Task objective: The records that follow must be repeated exactly as they stand.

+===+

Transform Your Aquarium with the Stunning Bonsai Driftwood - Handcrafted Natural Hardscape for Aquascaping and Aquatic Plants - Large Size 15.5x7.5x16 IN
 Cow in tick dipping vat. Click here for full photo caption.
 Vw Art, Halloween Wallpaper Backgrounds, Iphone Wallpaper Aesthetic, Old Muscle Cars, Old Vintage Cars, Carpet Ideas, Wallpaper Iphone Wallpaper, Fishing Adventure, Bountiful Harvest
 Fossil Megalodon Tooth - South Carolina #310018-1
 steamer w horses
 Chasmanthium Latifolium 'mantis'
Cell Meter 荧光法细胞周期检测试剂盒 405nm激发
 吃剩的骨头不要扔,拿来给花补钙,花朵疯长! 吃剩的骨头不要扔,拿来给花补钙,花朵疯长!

+===+

Result of the task:
Transform Your Aquarium with the Stunning Bonsai Driftwood - Handcrafted Natural Hardscape for Aquascaping and Aquatic Plants - Large Size 15.5x7.5x16 IN
 Cow in tick dipping vat. Click here for full photo caption.
 Vw Art, Halloween Wallpaper Backgrounds, Iphone Wallpaper Aesthetic, Old Muscle Cars, Old Vintage Cars, Carpet Ideas, Wallpaper Iphone Wallpaper, Fishing Adventure, Bountiful Harvest
 Fossil Megalodon Tooth - South Carolina #310018-1
 steamer w horses
 Chasmanthium Latifolium 'mantis'
Cell Meter 荧光法细胞周期检测试剂盒 405nm激发
 吃剩的骨头不要扔,拿来给花补钙,花朵疯长! 吃剩的骨头不要扔,拿来给花补钙,花朵疯长!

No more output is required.